#### What needs to be done
The line with "Gathered Multi Lace" marks the first line to copy, and the line with "Assemblée nationale : l’urgence" marks the last. Transcribe that stretch of the data below exactly, without pictures.

##### Task data #####

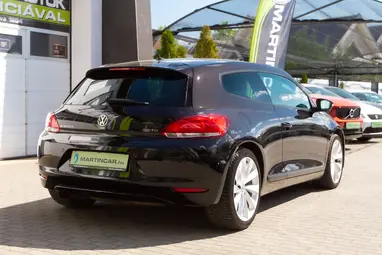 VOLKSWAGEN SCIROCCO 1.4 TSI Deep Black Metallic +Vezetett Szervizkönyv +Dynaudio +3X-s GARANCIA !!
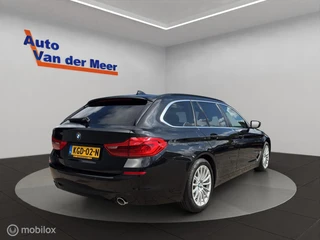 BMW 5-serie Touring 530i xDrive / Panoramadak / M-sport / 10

#####
##### Task data #####

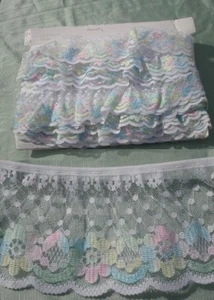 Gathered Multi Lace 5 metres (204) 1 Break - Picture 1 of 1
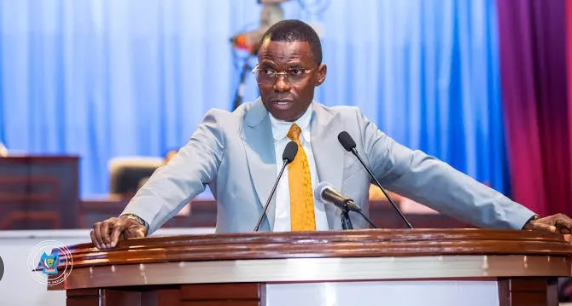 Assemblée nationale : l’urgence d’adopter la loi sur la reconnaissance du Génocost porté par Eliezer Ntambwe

#####

#### Answer
 Gathered Multi Lace 5 metres (204) 1 Break - Picture 1 of 1
 Assemblée nationale : l’urgence d’adopter la loi sur la reconnaissance du Génocost porté par Eliezer Ntambwe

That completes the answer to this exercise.